Writing

Software, technology, sysadmin war stories, and more. Feed
Monday, October 10, 2011

Primary, backup, manual failover? You've already lost.

There's a line by Steve Jobs about mobile devices which basically says "if you see a stylus, they blew it". It's the kind of observation which gives other people a rule of thumb to try using the next time they encounter a similar device. You don't have to take it at face value, but you can use the opportunity to judge it for yourself and see if there's any merit to his claim.

In that spirit, I would like to provide an observation for a service which is supposed to have high availability: "if you have a primary and a backup, you have already failed". Here's why I say that.

I noticed a pattern at some point. You'd have these people running a service and they'd know about maintenance or some other scheduled situation wherever their "primary" instance happened to live. They'd have to bring the team together, apply a whole bunch of changes, and do all kinds of crazy stuff to make it "flip".

One technique I saw was setting the whole system to read-only, waiting for it to settle down, and then demote their database's read-write master to a read-only slave. Then they'd take the "backup" node which had been a read-only slave and make it the master. This would usually work, but sometimes bad things would happen.

In any case, if it actually worked, then they would put the whole system back to its usual read-write mode and continue with life. They thought this was normal and saw nothing wrong with it. All I could do was shake my head and just wonder whatever gave them that idea.

There are multiple reasons why I think this is bad. First, it makes a user-visible outage. When you flip the whole site over to being read-only, the users will notice. Also, if you make this a regular thing, then the smarter ones will realize what you're doing. Once they figure that out, they will realize you are manually flipping service back and forth to dodge external dependencies and will realize what a rinky-dink operation you have. If you're selling service on the basis of reliability and "cloud this" and "cloud that", that doesn't work.

Second, it puts a human in the critical path for avoiding outages. This is just mean. It means some poor person has to sit there with a playbook and monkey their way through a process every time it comes up. What if that playbook gets out of date? Do they get to wake other people up at 3 AM if they can't figure it out?

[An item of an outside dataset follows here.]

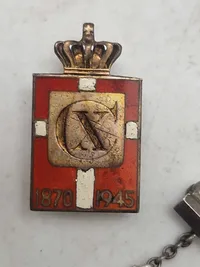 Lot kongemærker, Georg Jensen, sterlingsølv og emalje og ww2 DKB mærke af sølv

Aside: I have a whole rant about having playbooks for a production service in the first place, but that is a topic for another time. Stay tuned, I guess.

Squirrel! Third, it does not cover those situations where your primary will die for unplanned reasons. Imagine that! What do you do when a squirrel decides to warm itself up by shorting across your service entry? Last time I checked, the squirrel union does not file notices when one of its members wants to go visit Elvis. They just do it.

Start thinking about multiple masters and a world of no primary. Once you get into that groove, then you can start planning for capacity. That opens the door to things like N+1, N+2, worrying about "shared fate", and so on.

Or, you know, you can just buy a lot of bananas and settle in for a long winter of manual failover monkey work. It's up to you.